- Work instructions
Wherever the line with "The X-Files Postcard" sits in the listing below, transcribe from it up to and including the line with "Szürke gyerek polc 19 cm Tomino – Germania", exactly, and leave the remaining lines out.

- Recorded data

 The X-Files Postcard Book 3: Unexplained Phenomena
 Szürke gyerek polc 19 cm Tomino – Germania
* * *
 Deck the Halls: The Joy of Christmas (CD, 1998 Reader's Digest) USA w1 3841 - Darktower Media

- Answer to the exercise
 The X-Files Postcard Book 3: Unexplained Phenomena
 Szürke gyerek polc 19 cm Tomino – Germania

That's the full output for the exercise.